The film arrives at a particularly good ending [PLOT SPOILERS] wherein Michael Rapaport finally comes down off the drugs and walks away, realising in a potently sad voiceover that he has no superpowers and is entirely ordinary. He is then abruptly hit by a car – given the tone of his voiceover and the staging of the shot, we cannot initially be sure that it is not a suicide and he has thrown himself in front of it. It turns out to be Paul Blackthorne and brother in the limo who have deliberately run him down. Rapaport then gets to his feet and Blackthorne reverses to run him down again, at the same time as the bruised and bleeding Rapaport struggles to get back up, showing his defiance of his fate with every attempt, eventually forcing Blackthorne to back down. It is a beautiful ending in its swinging between the poles of despair and tenacious defiance.

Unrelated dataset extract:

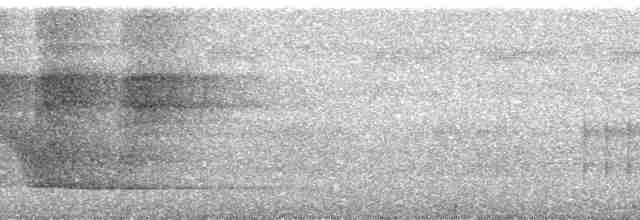 Kara Karınlı Sincap Guguğu - ML256447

Michael Rapaport with the drug in Special (2006)
Michael Rapaport with the drug Special

Michael Rapaport, an actor who seems to have been stuck in roles as dim-witted characters in the likes of Mighty Aphrodite (1995) and Cop Land (1997), does an exceptional job in the central role, getting an acute sense of the character’s loneliness, social awkwardness and certainty in the actuality of his superpowers. There is a performance of endearing sweetness from the up and rising Alexandra Holden, while everybody else in the cast delivers fine work.

Special was a directing and writing debut for newcomers Hal Haberman and Jeremy Passmore who sadly have not had the opportunity to do anything else since. You would certainly welcome their return to the director’s chair someday soon. Passmore did eventually go on to write the remake of Red Dawn (2012), San Andreas (2015) and Vice (2015).

(Winner in this site’s Top 10 Films of 2006 list. Nominee for Best Original Screenplay at this site’s Best of 2006 Awards).